Facebook friends introduced me to the expression “FML,” an addendum added to their news of unfortunate events, embarrassing twists of fate, and unhappy experiences. Without too much imagination, I figured the expression is an abbreviation for “f*** my life.” While verifying my surmise online, I found a website, http://www.fmylife.com, which contains short descriptions of assorted calamities and humiliating moments. These, in turn, have been collected into a published book F My Life.
The expression is crude but understandable: how badly you feel when you’ve said or done something well-intentioned but inappropriate, or when your best laid plans backfire in some way! I feel that way when I’ve done my best in a situation but, for whatever reason, the circumstance goes awry and I feel foolish.

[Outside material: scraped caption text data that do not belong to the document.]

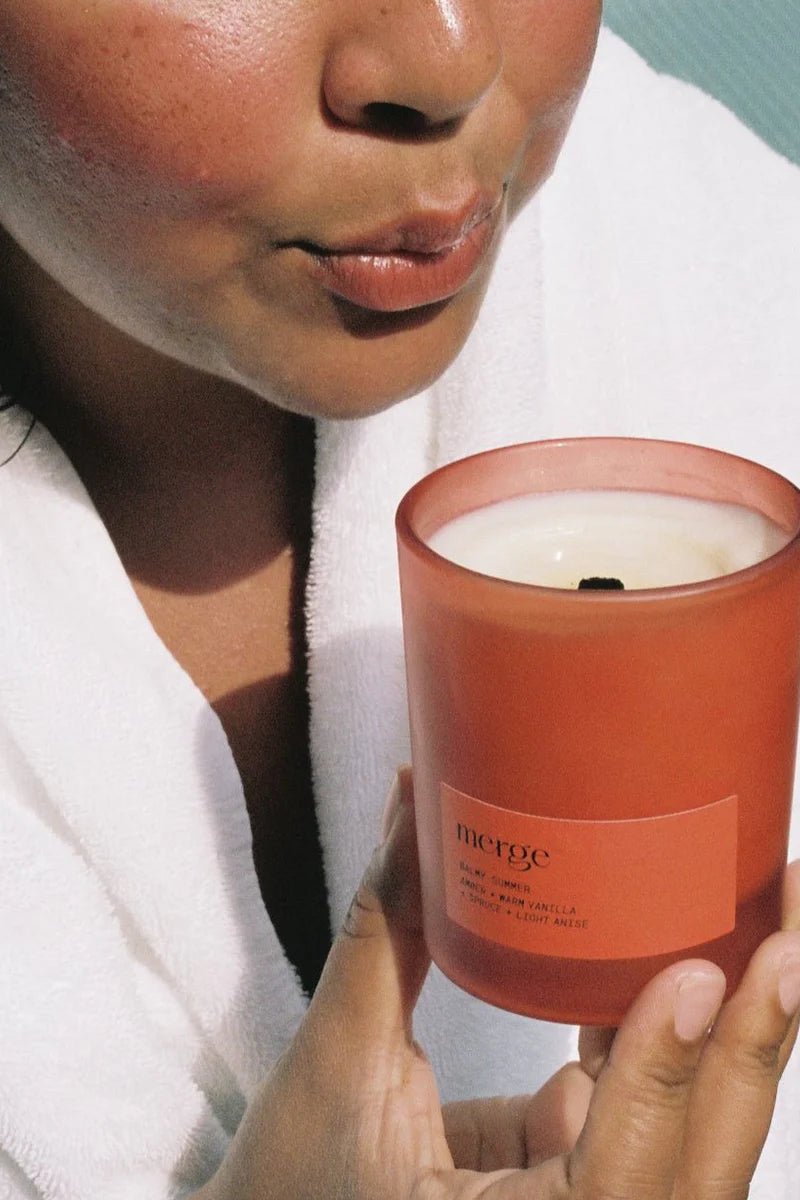 BALMY SUMMER CANDLE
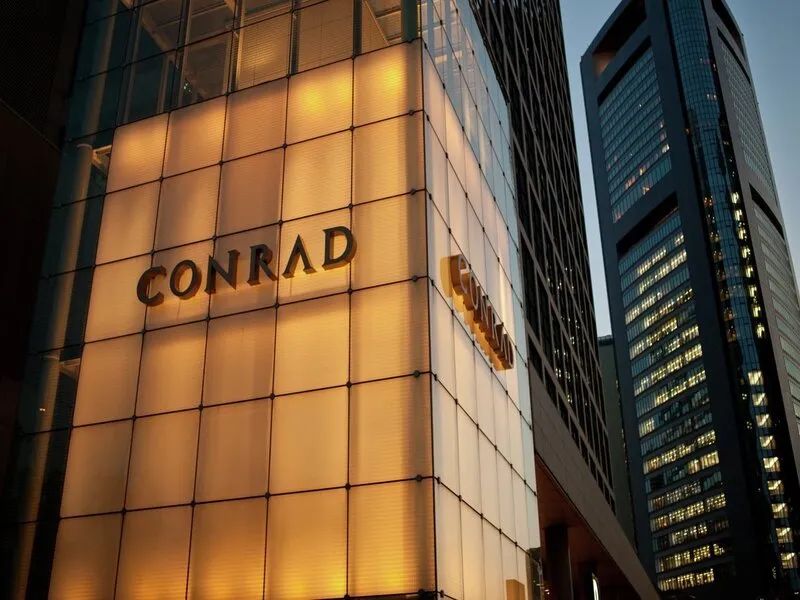 Conrad Tokyo · Anbieterbild von TUI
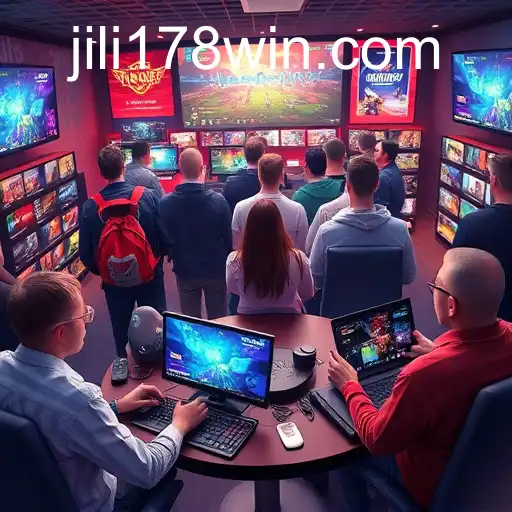 Digital Evolution of Gaming: JILI178's Ascension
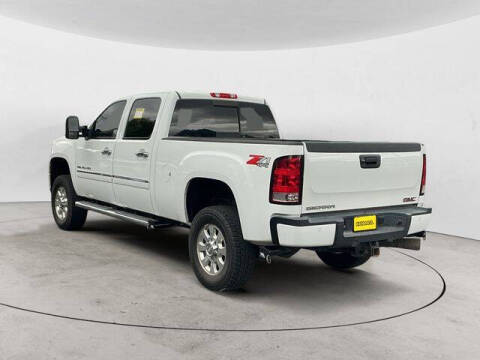 2013 GMC Sierra 3500HD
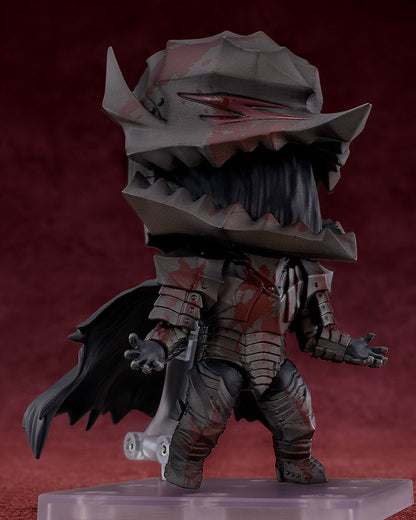 ねんどろいど ベルセルク ガッツ 狂戦士の甲冑 Ver. BLOOD EDITION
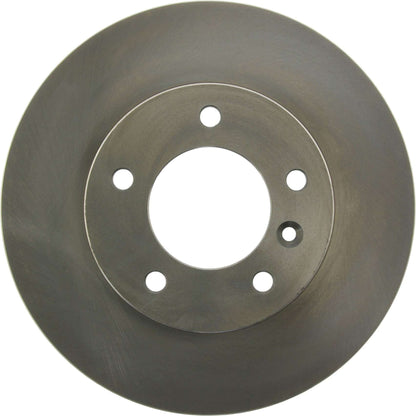 Centric Parts Disc Brake Rotor Standard with Non-Directional Finishes for 1990-1997 Jaguar Vanden Plas XJ6 XJ12 121.20009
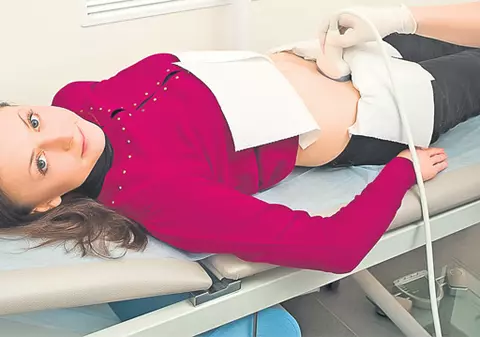 Ce idee! Secție de ginecologie într-o școală din Suceava!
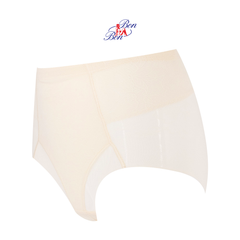 Quần gen lưng cao, dáng đùi – Bon Bon Underwear
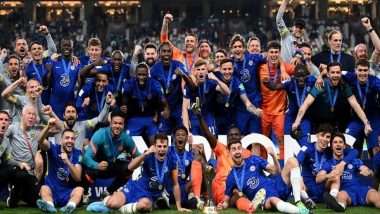 Chelsea Win FIFA Club World Cup 2022 by 2-1 as Kai Havertz Scores Extra-Time Penalty Against Palmeiras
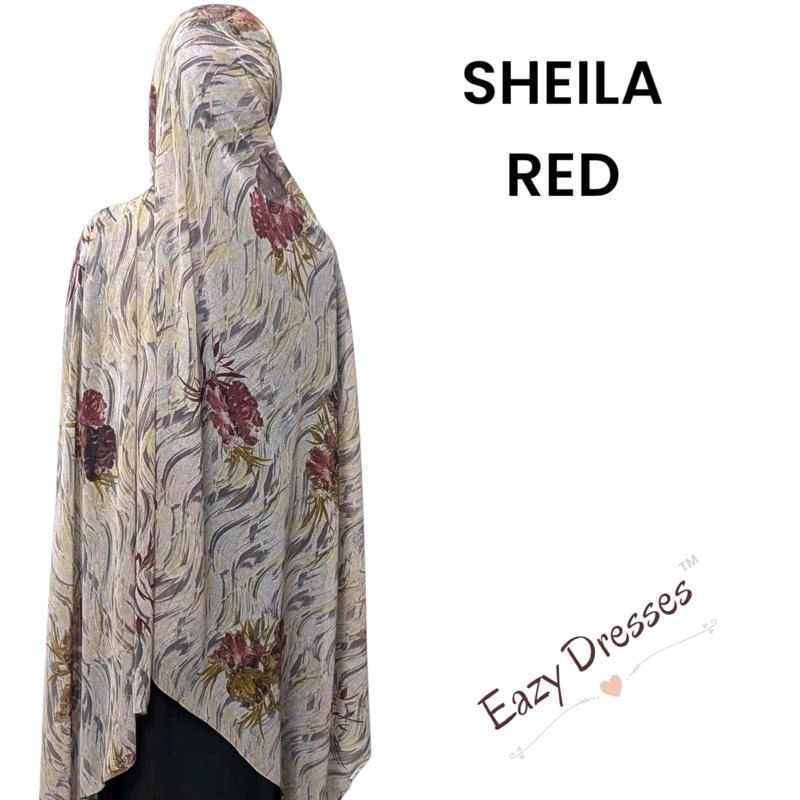 Luxury chiffon Hijabs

Without being too irreverent, I thought of some biblical FML moments. Several passages in Job immediately spring to mind, but so does this one from Jeremiah.
Cursed be the day I was born! May the day my mother bore me not be blessed!
Cursed be the man who brought my father the news, who made him very glad, saying, "A child is born to you—a son!"
May that man be like the towns the LORD overthrew without pity. May he hear wailing in the morning, a battle cry at noon.
For he did not kill me in the womb, with my mother as my grave, her womb enlarged forever.
Why did I ever come out of the womb to see trouble and sorrow and to end my days in shame? (Jer. 20:13-18)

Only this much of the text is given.